The first pitch expected after Wednesday's FDA announcement: salmon and other fatty fish contain omega-3 fatty acids that are thought to — but not proved to — reduce the risk of heart disease.
Until now, the FDA standard for health claims about food has been rigid. Before oatmeal could claim to be good for the heart, for instance, there had to be scientific consensus that oatmeal's fiber helps maintain low cholesterol levels.
The new hurdle is similar to the one the courts have established for dietary supplements. They are allowed to carry "qualified health claims" — meaning there is no consensus, but a lot of scientific research supporting a particular nutrient's effect.
Food makers, irked by the disparity between the previously rigid standards governing them and what the $17 billion dietary supplement industry could claim, welcomed the plans.
The steps are "leveling the playing field for conventional foods," said Rhona Applebaum of the National Food Processors Association.
"This breaks a logjam," added Gene Grabowski of the Grocery Manufacturers of America.
But consumer advocates decried the move.
A qualified food claim is comparable to the airline industry saying, "this airplane may be safe," said Bruce Silverglade of the Center for Science in the Public Interest. "Most consumers ... don't like wishy-washy advice from health agencies."
The FDA also promised more crackdowns on dietary supplement makers who make fraudulent claims
U.S. marshals acting on an FDA request this week seized $100,000 of a supplement called EverCLR that was sold illegally as a treatment for herpes and other viruses.
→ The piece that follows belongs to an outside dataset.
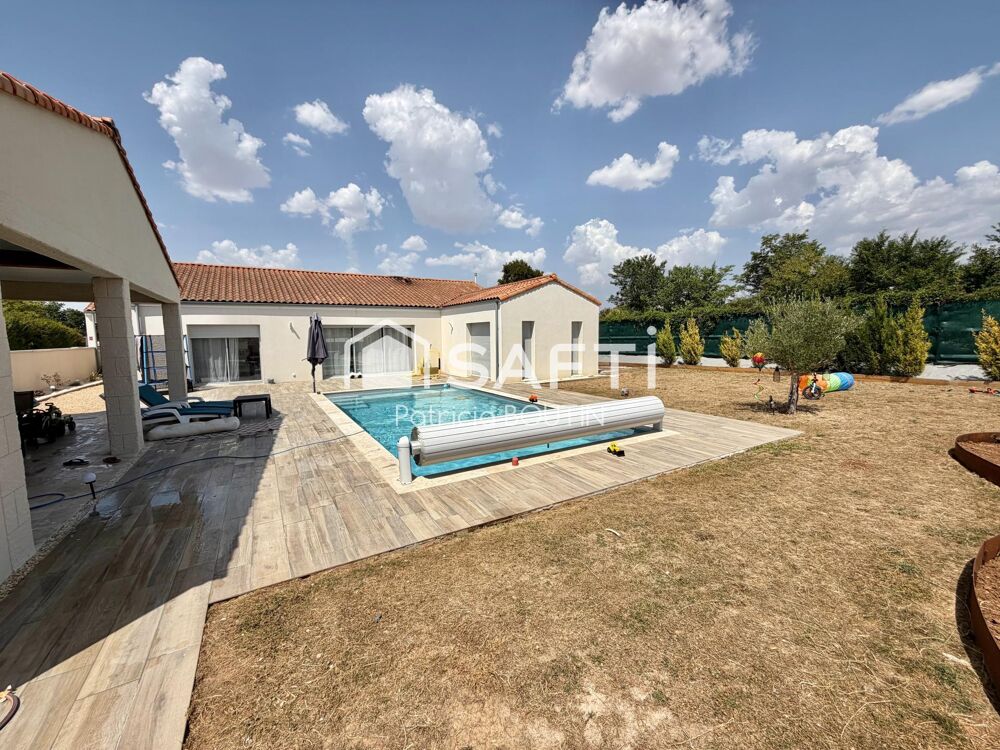 Vente Maison PAVILLON 2020 DE PLAIN PIED 3 CHAMBRES DONT UNE SUITE PARENTALE ET PISCINE A FORS ! Fors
Federal law prohibits dietary supplements from being sold as disease treatments, and the FDA spent two years trying to persuade EverCLR's maker to stop its marketing voluntarily.
"FDA will not tolerate fraudulent schemes that deceive or endanger the public," the agency said in a report outlining plans to enforce often-neglected laws against false health claims.
It is the strongest warning so far after a year of signals that the agency increasingly is frustrated with cases of deception in the industry.
"We're putting manufacturers on notice about what is coming," new FDA Commissioner Mark McClellan said Wednesday. "We had a major seizure this week, and you can expect more coming."
The agency cautioned that makers of foods and dietary supplements must get FDA approval before putting those claims on their products.
Both plans "will help consumers get accurate, science-based information" necessary to improve their health, McClellan said after a brief White House visit to discuss the changes with President Bush.
The FDA's main authority over supplements is ensuring that health-related claims on labels and in ads are truthful.
Dr. Sidney Wolfe of the consumer group Public Citizen said he hopes the pledge turns out to be "more than just public relations." Overall, he said, "what the FDA's done in the area of enforcement of dietary supplements is appalling, it's dangerous."
Congress exempted dietary supplements from most federal regulation in 1994, allowing them to be sold without proof that they are safe or benefit health. The FDA can try to force risky supplements off the market only after the agency has proof of people being injured.
The agency is embroiled in controversy over whether it should force one supplement, ephedra, off the market or restrict sales because of reports linking the pills to heart attacks and strokes.
Annette Dickinson of the Council for Responsible Nutrition, the trade group that represents mainstream dietary supplement makers, said a misleading claim hurts consumers and is an "unfair business practice for the responsible industry that doesn't make those claims."
Calls to Halo Supply Co. of San Diego, which made the EverCLR supplement that was seized, were not immediately returned.